Costs to Consider Before Refinancing a Mortgage
While there are some clear benefits to refinancing a mortgage loan, it's important to consider the costs associated with the process. According to the Federal Home Loan Mortgage Corporation (Freddie Mac), closing costs include:
- Government recording costs
- Appraisal fees
- Credit report fees
- Lender origination fees
- Title services
- Tax service fees
- Survey fees
- Attorney fees
- Underwriting fees
It's important to note that these fees can vary from lender to lender. For example, some digital mortgage companies don't charge lender fees at all. And some fees, such as origination, underwriting and title fees, can be negotiated.
How to Decide Whether Closing Costs Are Worth It
Whatever the fees may be for your particular mortgage refinance, it's important to compare the costs with the benefits.
As one example, let's say you're refinancing a $300,000 mortgage with a 30-year term and a 4.25% interest rate. The new loan rate is 3.25%, and you're keeping the same repayment period that you have now.
In this instance, the refinance reduces your monthly principal-and-interest payment from $1,476 to $1,306, a monthly savings of $170. Now, if the closing costs on the refinance total $9,000, it will take you roughly 53 months, or almost four and a half years, to break even with the monthly savings.
If you're planning on staying in your home longer than that and don't anticipate refinancing again during that period, it's worth it. But if you think you'll sell the house before you reach that break-even point, the costs outweigh the savings.
Doing a cost-benefit analysis on other mortgage refinance purposes can be more challenging because there isn't necessarily a clear way to compare what you'll get with what it'll cost you. But it's still a good idea to consider both the benefits and drawbacks.
It's also important to note that you can often roll the closing costs into your new loan. While this saves you money upfront, it can cost you more in the long run because you're now paying interest on closing costs in addition to the principal loan amount.
How to Refinance a Mortgage
If you've decided you'd like to move forward with the process, here are some steps you can take to refinance your home mortgage:
- Check your credit to determine if you're in a better place than you were when you accepted the first mortgage.
- Understand your goal for refinancing, whether it's to get a lower interest rate or monthly payment, switch to a different type of interest rate or get some cash from your equity.
- Shop around and compare interest rates and closing costs.
- Choose a lender and lock in an interest rate, then provide all of the documentation and information the lender requires to close on time.
In most cases, you can refinance your mortgage loan soon after you closed your first one. However, there are some instances with a waiting period, so check with your lender before you apply to avoid unnecessary credit checks.
During this process, it's crucial that you avoid applying for any other type of credit. If you open a new loan or credit card account just before you apply for a mortgage refinance, it could impact your ability to refinance.
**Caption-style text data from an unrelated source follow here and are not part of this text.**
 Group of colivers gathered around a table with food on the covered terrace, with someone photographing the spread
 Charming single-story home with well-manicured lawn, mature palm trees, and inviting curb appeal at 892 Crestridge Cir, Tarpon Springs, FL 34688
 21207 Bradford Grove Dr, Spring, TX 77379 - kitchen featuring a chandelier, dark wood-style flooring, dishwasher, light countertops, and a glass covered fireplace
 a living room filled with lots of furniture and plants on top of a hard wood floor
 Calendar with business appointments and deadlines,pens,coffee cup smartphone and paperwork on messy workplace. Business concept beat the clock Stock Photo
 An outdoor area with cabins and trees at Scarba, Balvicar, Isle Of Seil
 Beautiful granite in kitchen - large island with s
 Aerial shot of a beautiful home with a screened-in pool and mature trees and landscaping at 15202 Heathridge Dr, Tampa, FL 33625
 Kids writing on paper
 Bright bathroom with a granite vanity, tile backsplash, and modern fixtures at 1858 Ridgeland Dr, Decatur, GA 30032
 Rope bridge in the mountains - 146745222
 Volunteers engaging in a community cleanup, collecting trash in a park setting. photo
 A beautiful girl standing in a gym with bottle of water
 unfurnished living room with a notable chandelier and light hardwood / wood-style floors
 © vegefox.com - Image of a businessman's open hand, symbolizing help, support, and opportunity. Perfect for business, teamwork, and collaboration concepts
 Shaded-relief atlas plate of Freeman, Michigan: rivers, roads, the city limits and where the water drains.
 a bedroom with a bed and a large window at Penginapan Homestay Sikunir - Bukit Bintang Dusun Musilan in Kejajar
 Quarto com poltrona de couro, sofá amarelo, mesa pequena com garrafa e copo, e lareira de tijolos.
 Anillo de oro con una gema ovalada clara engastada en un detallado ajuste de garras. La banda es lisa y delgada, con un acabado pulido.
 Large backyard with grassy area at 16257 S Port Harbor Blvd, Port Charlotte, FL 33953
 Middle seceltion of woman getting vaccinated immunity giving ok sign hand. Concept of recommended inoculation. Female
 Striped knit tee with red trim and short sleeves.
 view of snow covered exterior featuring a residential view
That said, refinancing a mortgage loan typically won't impact your credit score too much, especially if you're not doing a cash-out refinance because you're not changing how much you owe. The hard inquiry generated when the new lender pulls your credit and the closure of the old account could affect your credit scores slightly, but the decrease is typically only temporary, all other things being equal.
Make Sure Your Credit Is Mortgage-Ready
Long before you apply for a mortgage refinance, check your credit score and review your credit report to get an idea of where you stand. Even if you can get a lower interest rate with your current credit and financial situation, you could save even more if you can improve your credit before you apply.